I discovered my true self. At 17 I was pregnant, and had a child. 2013 left me completely depressed. And by 2014 I couldn't even look at myself in the mirror. However, then I realized that I needed to be an adult, so I want to GED class in hopes of accomplishing and getting at least that because I dropped out of high school. I did manage however to start setting goals for myself and I did.
I went to GED class every day and my learning was starting to improve. I was so excited! In that time, I also managed to get myself into an apartment, and get my permit and my first job. However, I couldn't do this alone. So my fiancee's mother helped us out to the max. She started paying for bills, and was a complete blessing. Whom her son, who taught me my true self and helped me through my struggles. These were postive people and they only saw my potential. I needed to also thank my wonderful teacher who pushed me through these classes, and the multiple friends I met. They saw what I couldn't for the longest time
THIS IS WHY GOALS ARE IMPORTANT.
I set my goals and I managed to accomplish them, and just like that I started to feel way more positive myself. :)

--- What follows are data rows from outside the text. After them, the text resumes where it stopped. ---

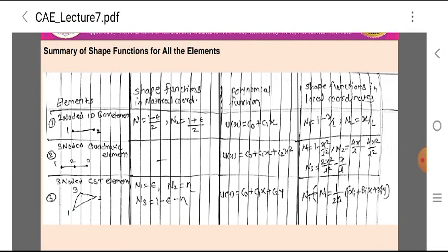The third element is the three-noded Constant Strain Triangular (CST) element, denoted by a triangular shape with three nodes. The shape functions in natural coordinates are N1 = ε, N2 = η, and N3 = 1 − ε − η. The polynomial function is U(x) = C0 + C1·x + C2·y. The shape functions in local coordinates are given by N_i = (1/2Δ)(α_i + β_i·x + γ_i·y).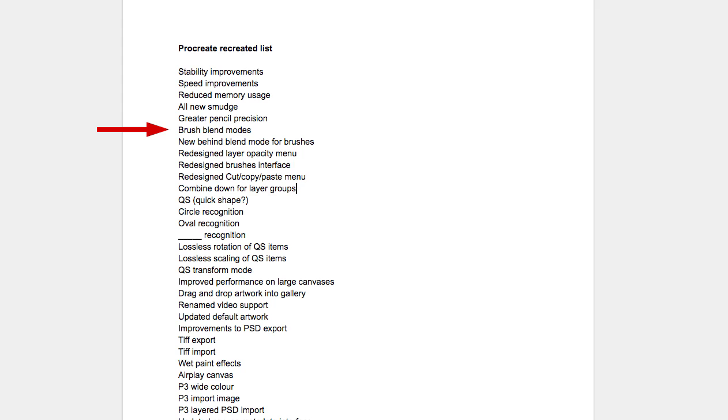Brushes are getting a big update as well. One of the things they've been demonstrating on Instagram is wet paint effects, and I think they're accomplishing this by upgrading the brushes — mainly, they are adding blend modes to the brushes. Right now blend modes are attached only to layers, but by adding them to the brushes you can make much more sophisticated brush tools. In fact, I wouldn't be surprised if at some point down the road we're able to import Photoshop brushes and use them effectively within Procreate, though I don't think we're going to see it this time.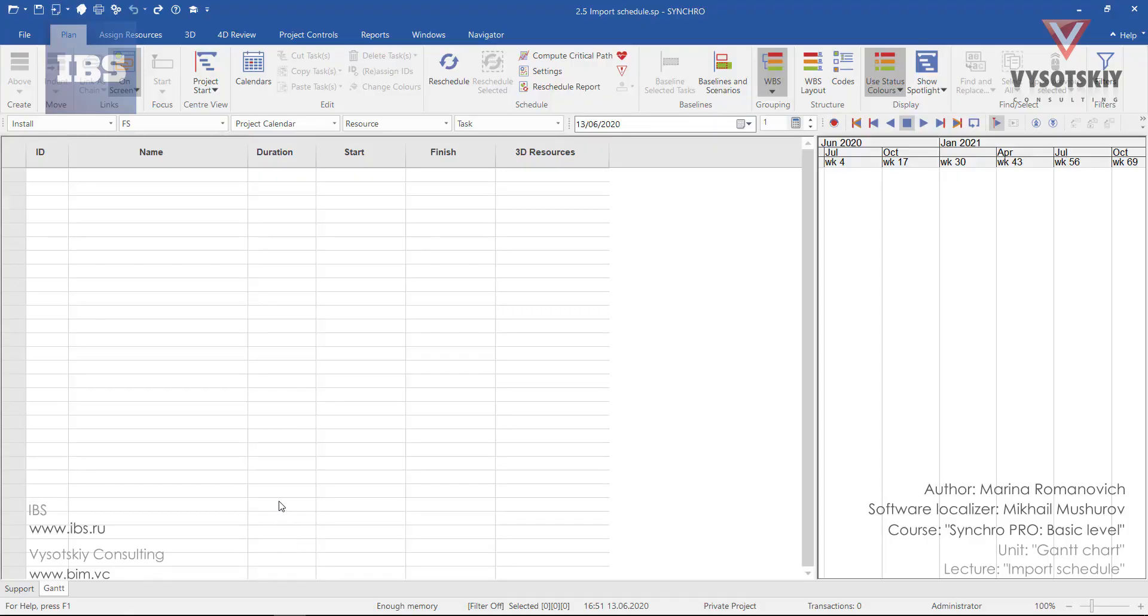Importing work schedule. Work schedules can be prepared in Syncro directly by providing name, duration, start and finish.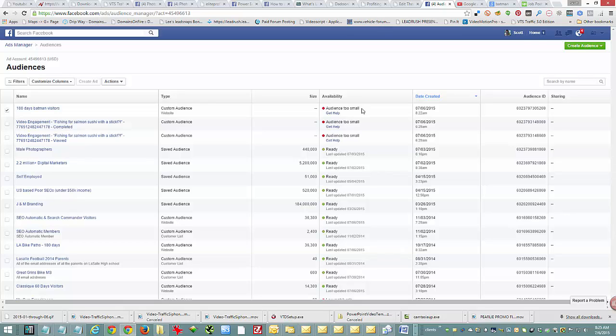Then if you ever do want to run Facebook ads, you've got a built-in audience to really target something special. That's it. Have an optimal day.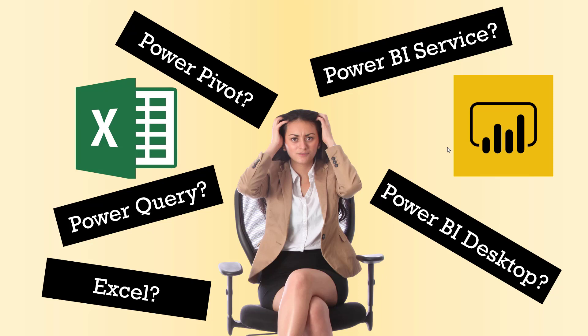Power Pivot, Power Query, Power BI Service versus Desktop - what do all these things mean? It can be very confusing. I'm going to demystify it.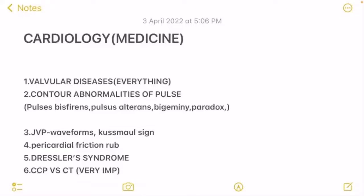Hi guys, welcome back to the channel. Today we are going to be discussing important must-do topics of cardiology, which is a section of medicine. These are the most important things which you cannot miss. If you read these using our 80-20 rule, we will be able to do 80% of the questions just by reading these topics. So this is the list.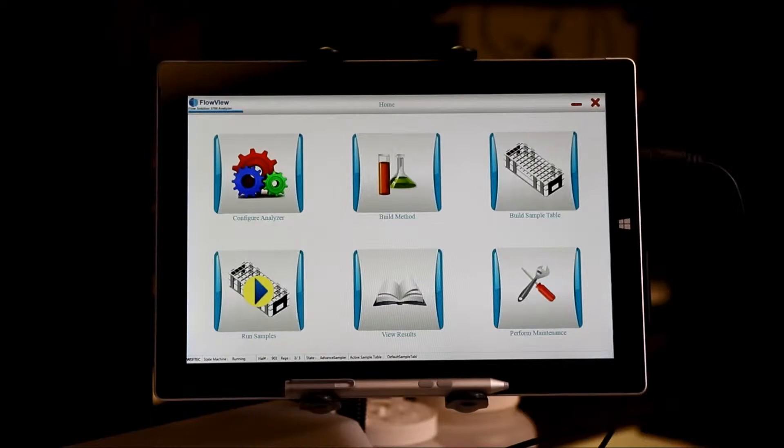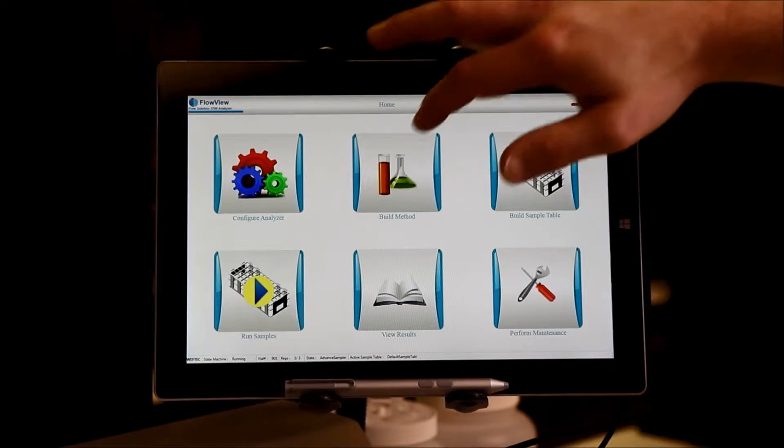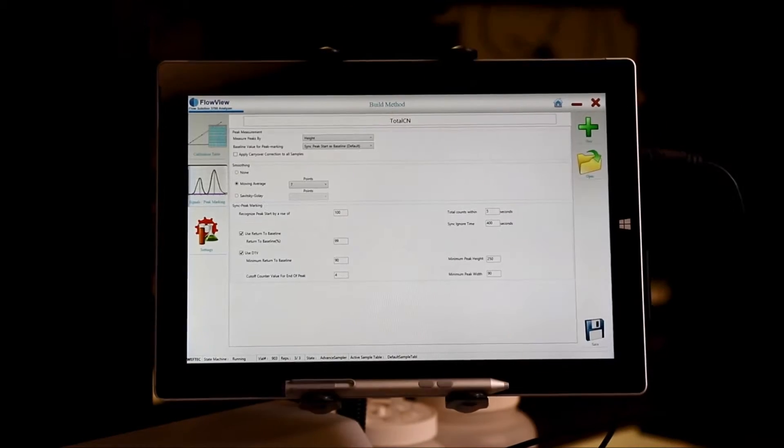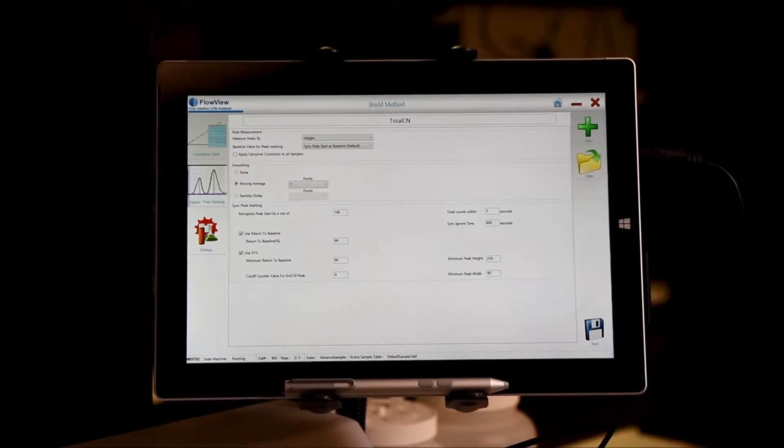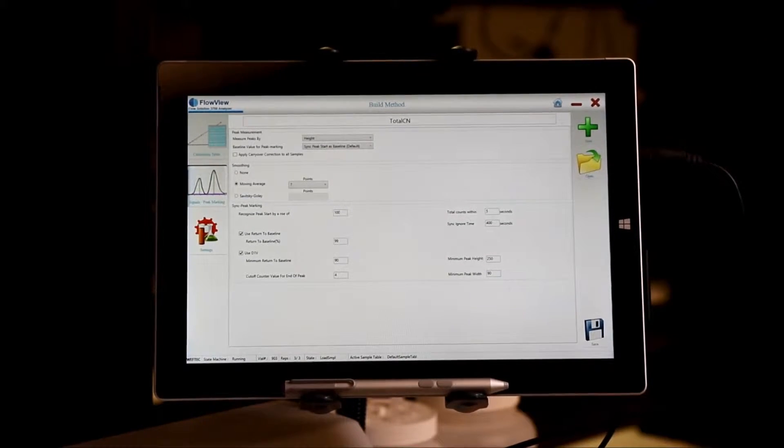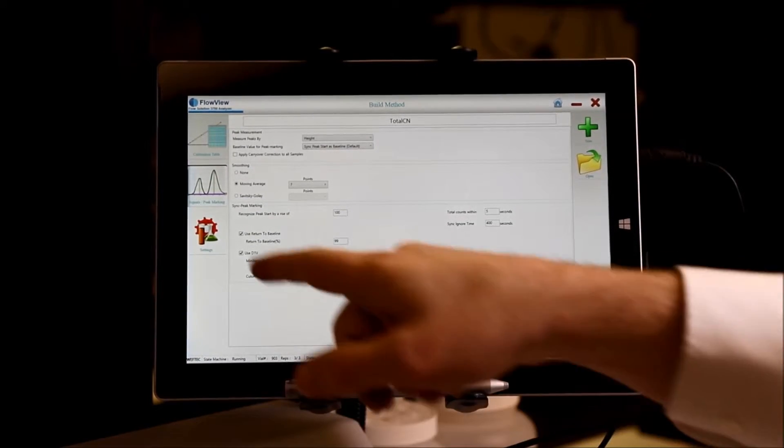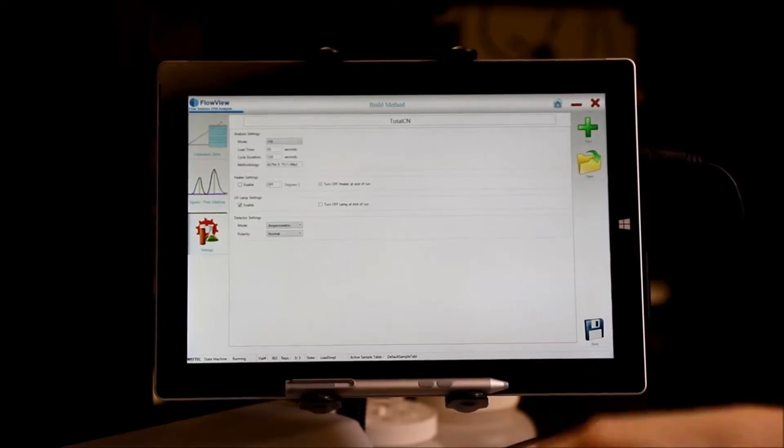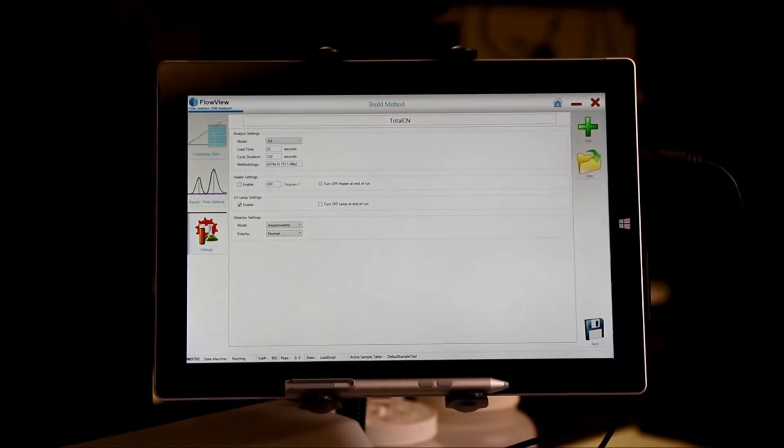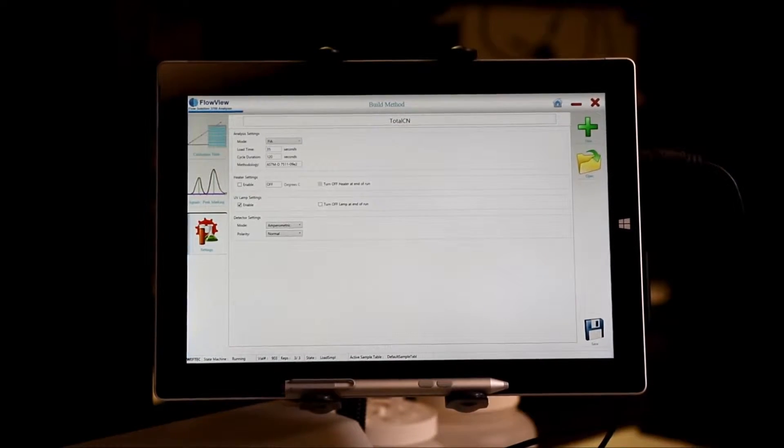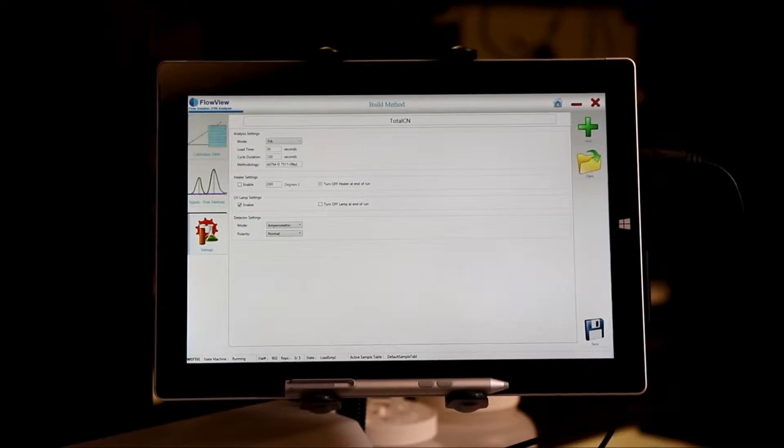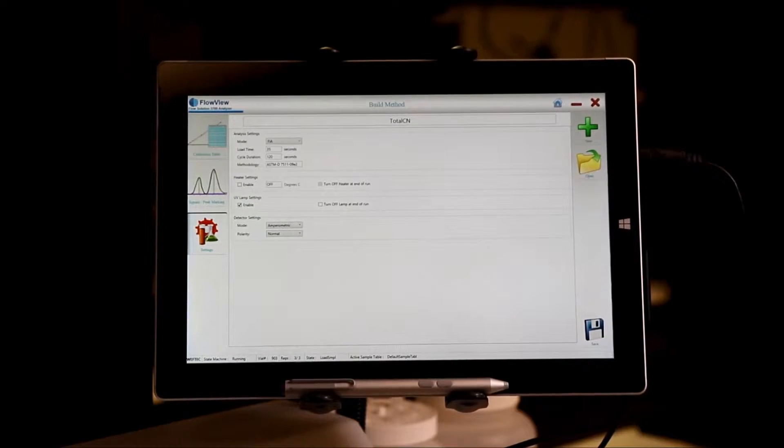The first place you start is building a method. Here you set up all of the parameters for your run including whether it's FIA or SFA, what the load time, cycle duration, heater, UV, and detector settings will be.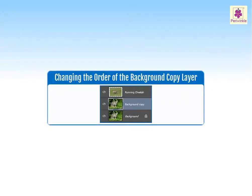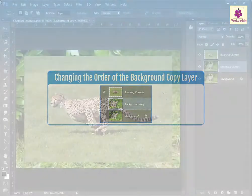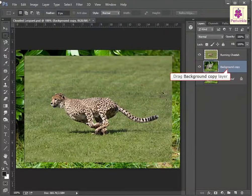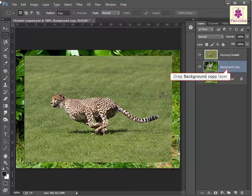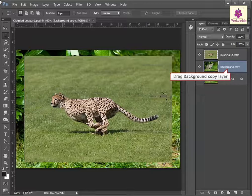We can change the order of the background copy layer in Adobe Photoshop CC. Drag the layer above the running cheetah layer until a line appears between the layers.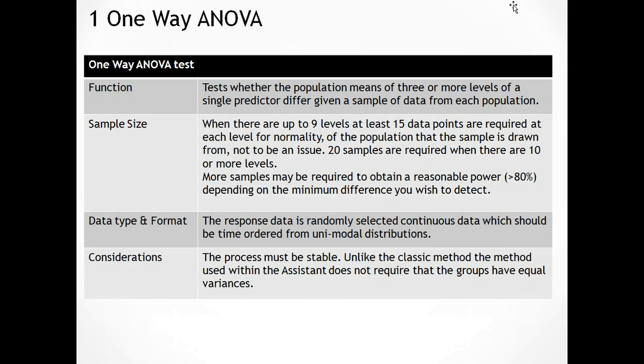If we have nine levels of one factor, then we need at least 15 data points at each level for the normality of the population that the samples were drawn from not to be an issue. If there are 10 or more levels, then we need 20 samples at each level. We may need more samples if our power is insufficient, less than 80%, and it also depends on the minimum difference we wish to detect.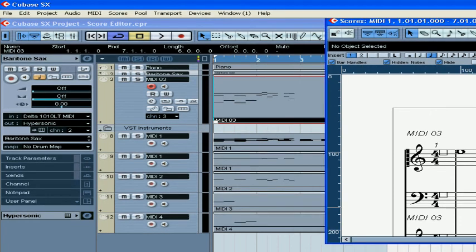And this concludes our overview of the score editor. We've really just scratched the surface of the score editor — there's obviously a lot to this in Cubase. The good news is that Cubase has a very detailed manual on this, which I know you will find very helpful. This concludes our segment on the score editor.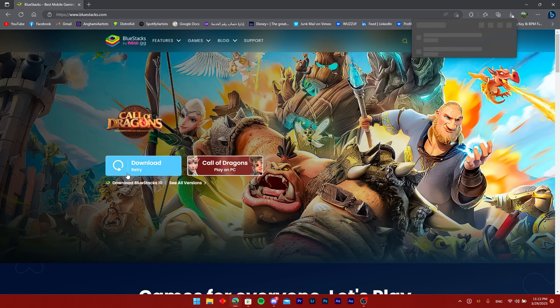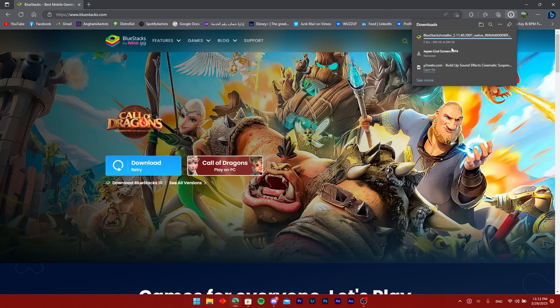Once you do that, it will ask you to keep or delete. Press keep and it will download the installer.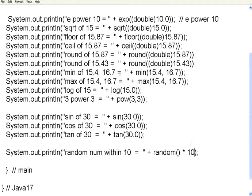So in this session, we have seen a set of trigonometric functions, a set of mathematical functions, a set of random number functions. We end this session here. Thank you.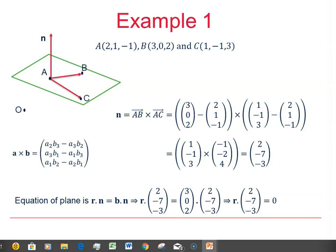Here's that written out neatly, so check through and make sure you understand how it has been done. We worked out the vectors in the plane — AB and AC — then their cross product using the formula. We could equally well have used the determinant method to find the cross product, and I'll do that in the next example. And then we get the equation of the plane.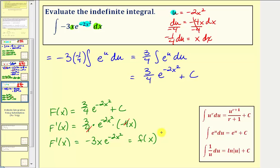I think we'll stop here for this part. In part two we'll take a look at using substitution to evaluate definite integrals. I hope you found this helpful.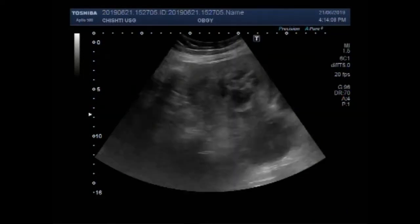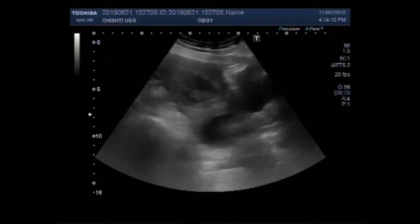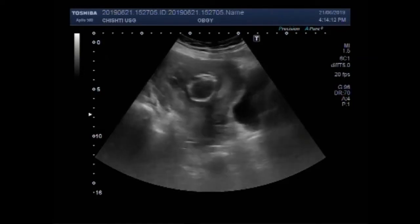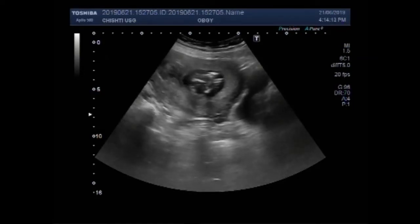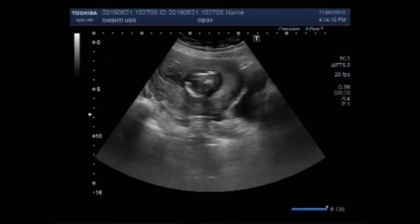Dear viewers, I hope you are all fine. This video shows a fetus with fetal demise, a large ovarian cyst, and a mass in the anterior wall of the uterus.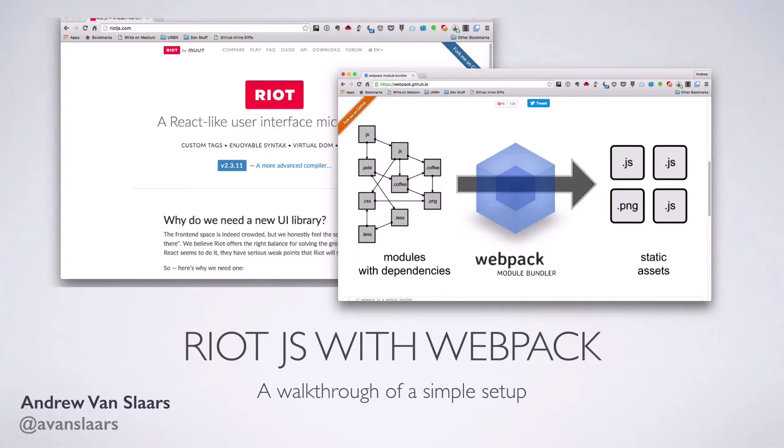Hello, my name is Andrew Van Slaars, and this is a quick walkthrough of how to configure Riot.js to work with Webpack.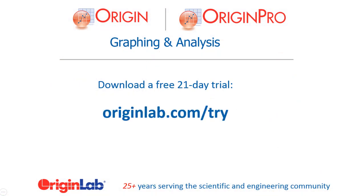Download a fully functional trial version of Origin today, and see for yourself how our user-friendly, yet powerful interface and tools can help you to visualize, explore, and analyze your data.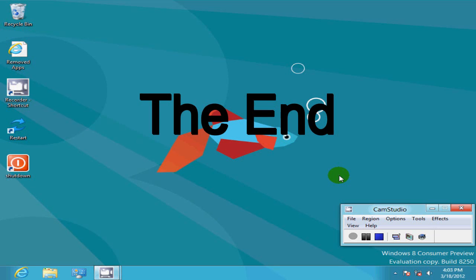This is Nick with NicksComputerFix.com and CoolCheapLaptops.com, and there's your Windows 8 tip for the day.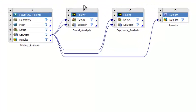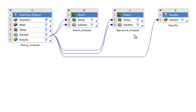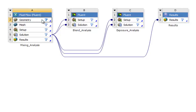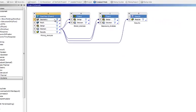Now we have a workflow that's already predefined for you with mixing analysis, blend time analysis and exposure time analysis simulation already set up for you. The only thing we have to do is actually define the geometry of the mixing tank.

I did struggle very much so though, I wanted to give up, I wanted to but I tried. I was in GED class for a year and I was sick of it, so I left. This time I had a new goal for myself. It was to study and not need GED class. So, I studied. I studied real hard but the first time I took the Science part of my GED I failed. So I studied more, and I put so much time into, that the next time I went in I scored a passing score of 152. Last year, it was said that you needed to score at least a 150 to pass the GED test. This great year though has given me a new blessing. I now only need a 145 on all 4 tests to pass and I already finished one test.
I'm starting to see why now things take time and decication. It may take forever but you'll get there and you'll recieve many blessings in the meantime to help you through.
This is why goal keeping is important. You can accomplish anything if you have a mind set and accomplishing your goals will make you feel much better.